Step 5: Onboard an AWS Account

After successfully setting up your tenant, you can optionally onboard an AWS account to the tenant using the Quick Launch page using a pre-configured Cloud Formation Template (CFT):
  1. Click Launch Template and select the CFT region, roles and permissions for your tenant.
  2. Review the CFT stack; this CFT grants necessary permissions for the NGFW service, such as creating endpoints or storing logs.
    Cloud NGFW opens the AWS CFT console (associated with the AWS account you specified) in a new browser tab. If you have a pop-up blocker installed, the new tab may fail to appear. If this happens, in the Cloud NGFW console select AWS Accounts and locate the account you just added.

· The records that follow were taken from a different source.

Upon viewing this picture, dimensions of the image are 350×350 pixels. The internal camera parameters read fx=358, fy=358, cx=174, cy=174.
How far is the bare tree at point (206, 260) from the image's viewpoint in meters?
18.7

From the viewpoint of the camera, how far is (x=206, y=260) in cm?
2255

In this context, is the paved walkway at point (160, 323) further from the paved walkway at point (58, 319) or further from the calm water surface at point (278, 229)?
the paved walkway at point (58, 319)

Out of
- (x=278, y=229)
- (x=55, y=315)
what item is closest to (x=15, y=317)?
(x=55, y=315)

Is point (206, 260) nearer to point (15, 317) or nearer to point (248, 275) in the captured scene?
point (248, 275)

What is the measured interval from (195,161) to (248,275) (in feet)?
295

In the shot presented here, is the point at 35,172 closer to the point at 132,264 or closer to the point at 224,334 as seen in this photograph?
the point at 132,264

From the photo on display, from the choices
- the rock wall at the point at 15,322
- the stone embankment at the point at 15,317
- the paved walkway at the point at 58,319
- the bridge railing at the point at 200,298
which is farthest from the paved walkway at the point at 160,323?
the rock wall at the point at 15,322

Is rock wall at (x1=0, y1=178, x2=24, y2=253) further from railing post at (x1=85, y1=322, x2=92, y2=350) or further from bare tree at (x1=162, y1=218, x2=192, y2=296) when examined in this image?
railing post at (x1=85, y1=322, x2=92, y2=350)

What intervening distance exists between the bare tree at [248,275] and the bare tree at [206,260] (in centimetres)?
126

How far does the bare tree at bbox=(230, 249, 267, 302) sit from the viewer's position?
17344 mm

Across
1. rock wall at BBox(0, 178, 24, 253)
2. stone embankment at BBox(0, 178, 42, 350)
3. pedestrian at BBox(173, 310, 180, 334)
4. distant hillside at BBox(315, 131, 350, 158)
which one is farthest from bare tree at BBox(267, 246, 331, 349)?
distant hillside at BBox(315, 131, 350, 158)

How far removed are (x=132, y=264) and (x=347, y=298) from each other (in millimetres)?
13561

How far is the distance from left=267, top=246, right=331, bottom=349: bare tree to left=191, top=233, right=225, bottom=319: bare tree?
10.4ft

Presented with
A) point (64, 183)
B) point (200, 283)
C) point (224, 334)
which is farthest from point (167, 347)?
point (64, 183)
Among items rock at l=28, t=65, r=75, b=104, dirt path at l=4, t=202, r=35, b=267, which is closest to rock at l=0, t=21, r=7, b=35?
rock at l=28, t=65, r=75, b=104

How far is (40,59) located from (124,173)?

Click Pending in the Status column.
  3. In the Capabilities section (located at the bottom of the CFT console), select the checkbox I acknowledge that AWS CloudFormation might create IAM resources.
  4. Click Create Stack. The CFT associated with the subscription (for example, PaloAltoNetworksCrossAccountRoleSetup) appears.
  5. Click Launch your product:
    1. Enter your email address and password, then click Log In.
    2. Select AWS Accounts.
    3. Verify that the Status changed to CREATE_COMPLETE.
  6. One the status shows CREATE_COMPLETE, copy the Role ARN Value from the Outputs tab in the AWS console:
  7. Add the Role ARN values to the Cloud NGFW console:
    1. In the Cloud NGFW console, select Settings > AWS Accounts.
    2. Select the radio button corresponding to the AWS account you are adding and select Manage Cross Account Roles from the Actions drop-down.
    3. Paste the Role ARN values from the previous step into the corresponding fields.
    4. Click Confirm.
    Once the stack is complete, your AWS account is now onboarded with the Cloud NGFW tenant.

Step 6: Register for Support

You can Launch Software and Sign in to the tenant with your registered email and password.For information about registering for support, see Register for Support and Create a Support Case.